On top of this Syrian specificity is the Russian intervention of September 2015. Meant first to rescue the crumbling army of an allied Arab regime, Moscow’s action was also designed to establish a lasting Russian stronghold in the Middle East and to notify Washington that U.S. dominance in world affairs was over. The Russian intervention had significant side effects as well: it froze Turkey’s policy on Syria and sent a signal to Tehran that the Iranians were not alone in controlling the Syrian civil war.
Russia’s campaign to stabilize the western part of Syria and reconquer the neighboring Aleppo province is being conducted Chechnya-style: raze everything and ask questions later. This is triggering a new, massive exodus of civilians and in turn aggravating the refugee crisis in Europe. In such a context, the latest round of UN-led peace talks in Geneva appears a mere facade.
The current escalation in hostilities serves the objectives of Syrian President Bashar al-Assad’s regime, Russia, and Iran. Agreeing on Syria’s political transition is therefore still a distant prospect.
Shimon Stein - Senior fellow at the Institute for National Security Studies at Tel Aviv University
Of course a political solution can be found to the Syrian crisis. But for that to happen, as in many other crises in the region and beyond, the circumstances that will help launch a political process have to ripen. In this respect, Syria is still far away from the point at which all the parties involved locally, regionally, and globally are willing to strike a compromise, which means giving up their ultimate objectives to pave the way for a credible political process.

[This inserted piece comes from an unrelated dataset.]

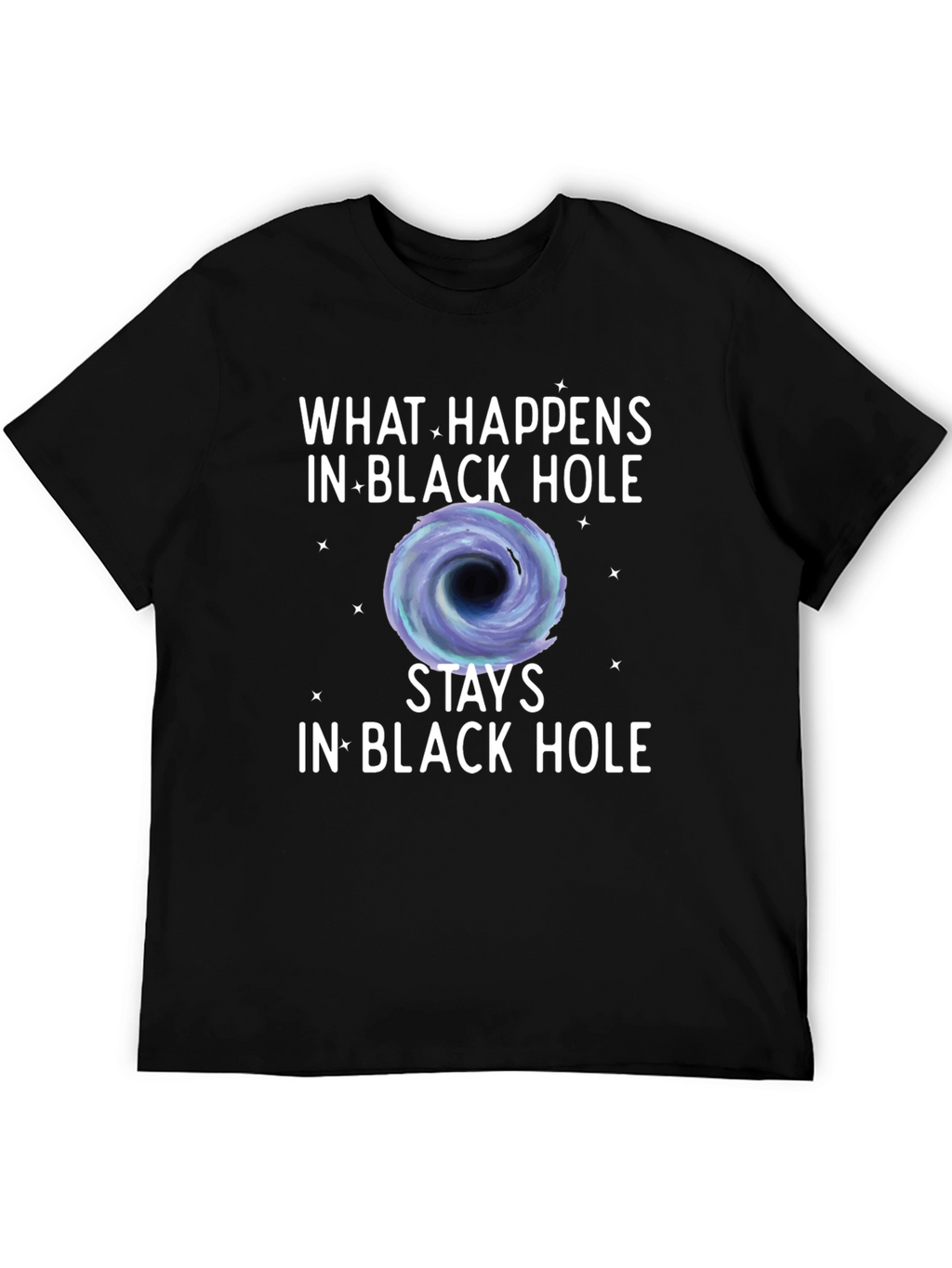 Black Hole Graphic Tee - What Happens Stays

The suspension of UN-led peace negotiations in Geneva on February 3 and the current military offensive in and around the central city of Aleppo are but the latest demonstrations that none of the parties feels it has secured its strategic interests through military means. As a result, the time is not ripe to launch a political process in which the actors concerned will be able to reap the fruits of their military strength. What is more, the ensuing humanitarian catastrophe doesn’t seem to be a factor at all in the calculations of the parties involved in the war.

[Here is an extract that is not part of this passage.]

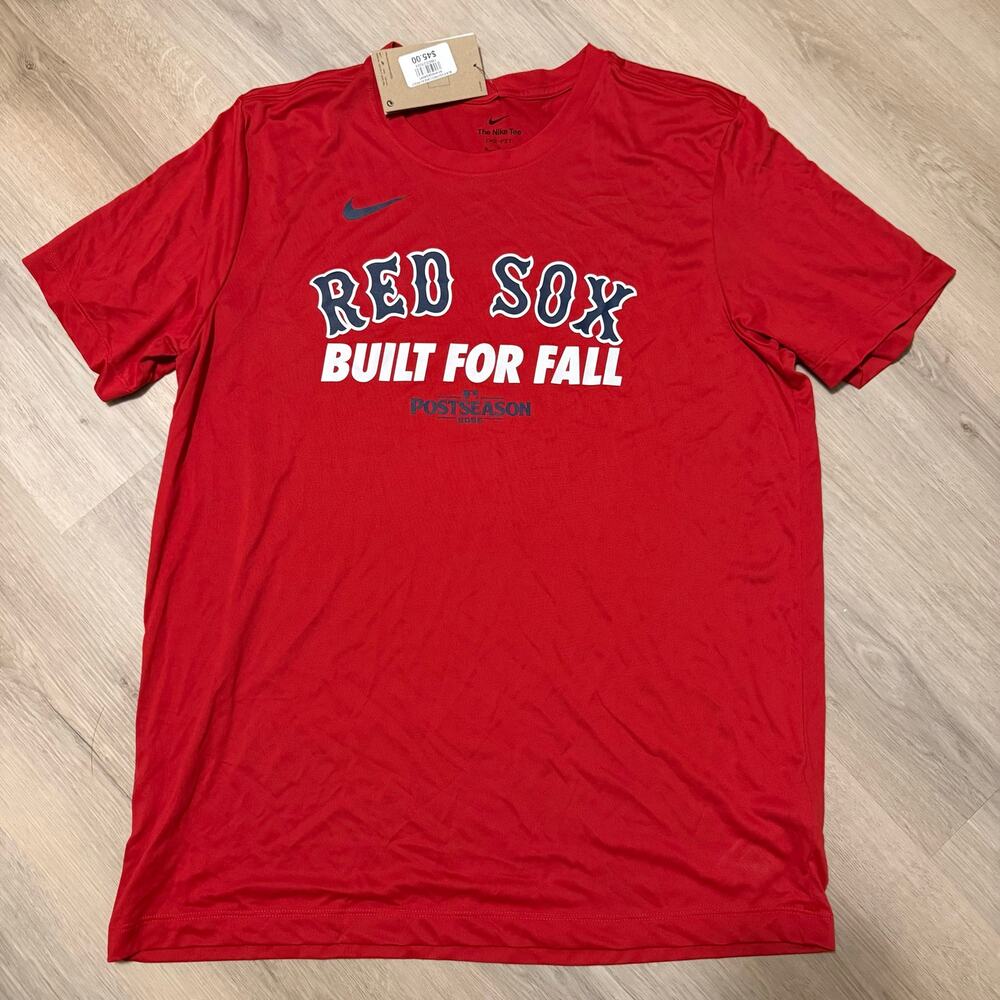 Nike Boston Red Sox 2025 Postseason Built For Fall Dri-FIT T-Shirt XL NWT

Stephen Szabo - Executive director of the Transatlantic Academy
The only political solution will come from a military one. Syria has ceased to exist in a recognizable form and is the Middle Eastern version of Humpty Dumpty, incapable of being pieced back together again. Partition or, at best, radical decentralization is the only stable outcome, and the political lines of any solution will be drawn along the military lines of demarcation.
Russia’s bombardments of Aleppo and other cities have made it abundantly clear that Moscow has no intention of working toward a negotiated settlement along the lines acceptable to the other players. The massive outflow of refugees toward Turkey and then to Europe is unacceptable to the Western powers. The United States and its allies must take immediate action to create safe havens and provide security and economic assistance to those living in the Kurdish and other areas still free from the Syrian and Russian militaries.
This is hardly a clean or ideal solution, but the West learned in Kosovo that at some point, military action and partition are preferable to continued regional destabilization.